(Exercise aim): Your reply should contain the whole listing below, repeated exactly, and no images.

(Data excerpt):
::::::::::

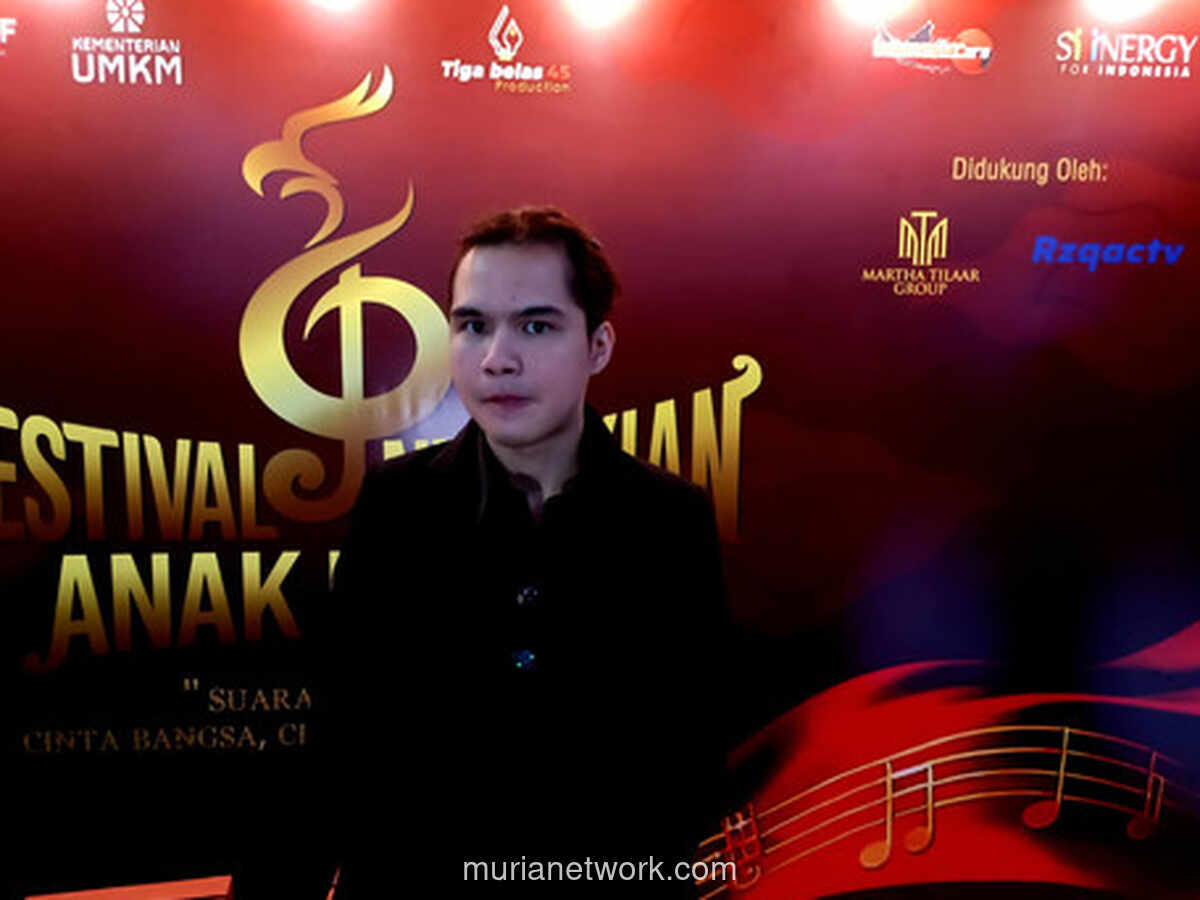 Dul Jaelani dan Rian DMasiv Gaungkan Lagu Kebangsaan Lewat Festival Anak Muda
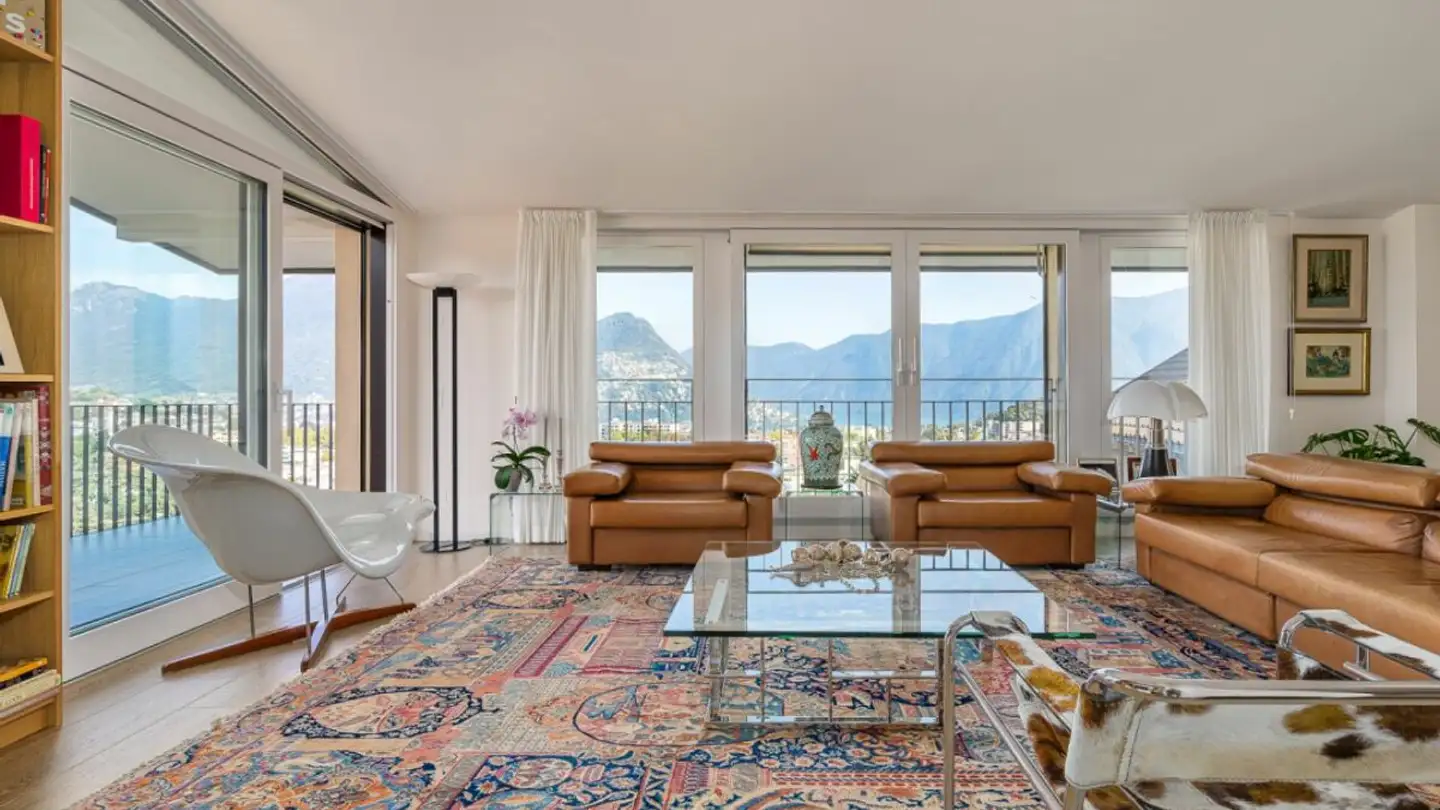 Semi-detached house for rent - Via G. A. Adamina, 6932 Breganzona - Photo 4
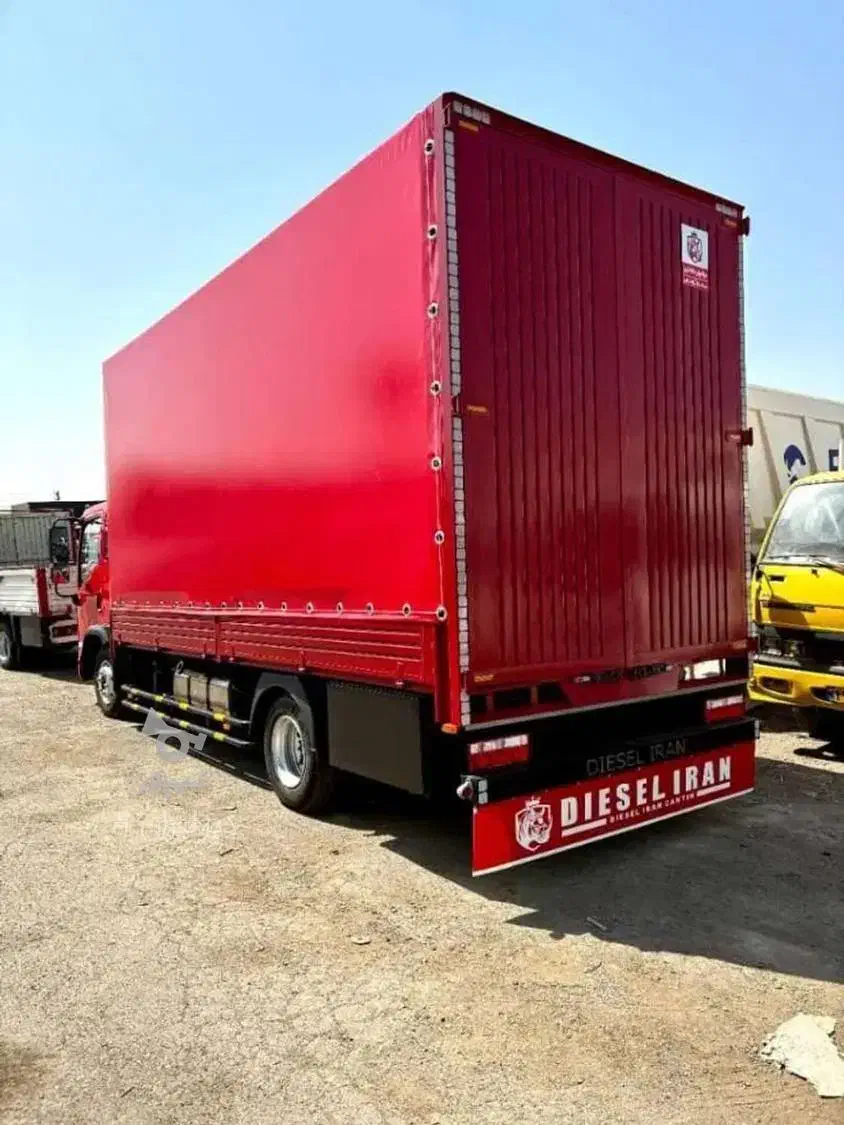 خدمات اسباب کشی وباربری با خاورهای بزرگ تضمینی|خدمات حمل و نقل|ارومیه, |دیوار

::::::::::

(Written reply):
 Dul Jaelani dan Rian DMasiv Gaungkan Lagu Kebangsaan Lewat Festival Anak Muda
 Semi-detached house for rent - Via G. A. Adamina, 6932 Breganzona - Photo 4
 خدمات اسباب کشی وباربری با خاورهای بزرگ تضمینی|خدمات حمل و نقل|ارومیه, |دیوار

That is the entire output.